Given a string s consisting of lowercase letters and an integer k, compute the total number of contiguous substrings where at least one character appears at least k times. The challenge lies in efficiently tracking character frequencies to avoid checking all possible substrings individually.

For example, if s = "abacb" and k = 2, the valid substrings are counted based on repeated character occurrences. Similarly, for s = "abcde" with k = 1, all substrings are valid since each character appears at least once. Constraints are 1 <= s.length <= 3000 and 1 <= k <= s.length.

Examples

Example 1

Input: s = "abacb", k = 2

Output: 4

The valid substrings are:

Example 2

Input: s = "abcde", k = 1

Output: 15

All substrings are valid because every character appears at least once.

Constraints

• 1 <= s.length <= 3000
• 1 <= k <= s.length
• s consists only of lowercase English letters.

Solution Approach

Sliding Window with Frequency Map

Maintain a sliding window from left to right and use a hash table to track character counts. Expand the window until a character count reaches k, then record valid substrings ending at the current right index.

Fix Left Index and Expand Right

Iterate over each possible starting index as the left boundary. Expand the right boundary, updating character frequencies in the hash map, and count the number of valid substrings efficiently without re-scanning.

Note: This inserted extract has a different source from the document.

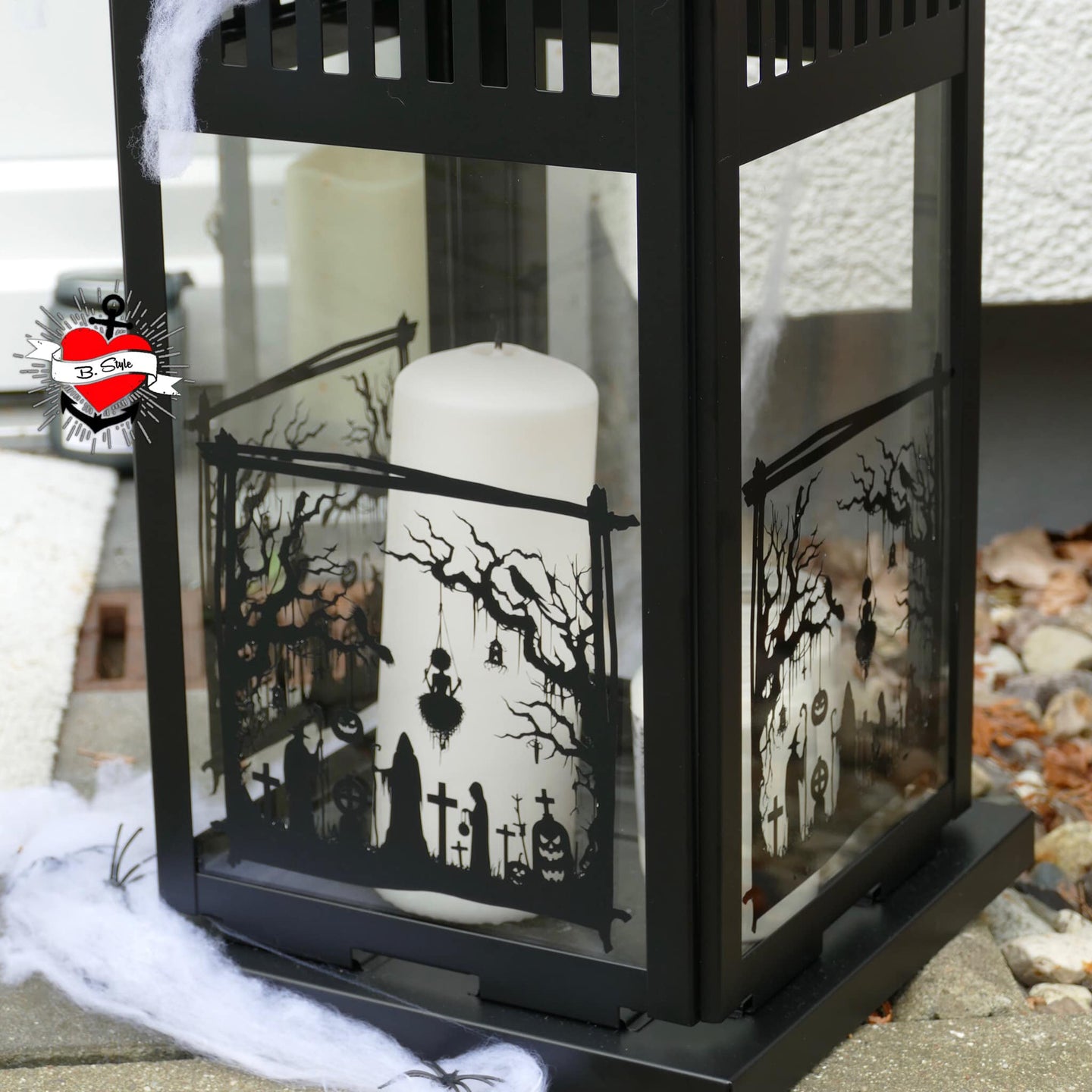 Halloween-Silhouette auf einem Kerzenhalter von easy-sticks, zeigt eine unheimliche Szenerie mit Geistern und Gräbern, ideal für stimmungsvolle Halloween-Dekoration.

Optimizations to Reduce Redundant Checks

Stop expanding the window once all character counts are insufficient to reach k, as further expansion cannot yield new valid substrings. This avoids unnecessary computations for longer windows.

Complexity Analysis

Metric	Value
Time	Depends on the final approach
Space	Depends on the final approach

Time complexity is O(n^2) in the worst case due to nested left-right iterations but often performs better with early stopping. Space complexity is O(1) or O(26) for the fixed alphabet hash map.

What Interviewers Usually Probe

• Ask about edge cases where k is larger than substring length.
• Check if the candidate correctly maintains character counts in the sliding window.
• Expect recognition of early stopping to avoid unnecessary substring checks.

Common Pitfalls or Variants

Common pitfalls

• Not updating the frequency map correctly when moving the left index.
• Counting substrings multiple times by not fixing the left index properly.
• Assuming all characters must appear k times instead of at least one.

Follow-up variants

• Count substrings where exactly one character appears k times.
• Find the longest substring where at least one character frequency is at least k.
• Apply the same method to strings with uppercase letters or digits, adjusting the hash map.

FAQ

What is the main approach for Count Substrings With K-Frequency Characters I?

Use a sliding window with a hash table to track character frequencies, expanding the right boundary and fixing the left to count valid substrings efficiently.

Can this problem be solved without a hash map?

Yes, but using a hash map for character counts allows efficient updates and avoids scanning each substring entirely.

What should I watch out for with k values larger than substring length?

No substrings will be valid in that case, so your code must handle k > current window size correctly.

How does fixing the left index help in this pattern?

Fixing the left index ensures substrings are counted exactly once, avoiding duplicates and simplifying frequency updates.

Is early stopping important for performance?

Yes, stopping expansion when no character can reach k prevents redundant checks and speeds up the sliding window approach.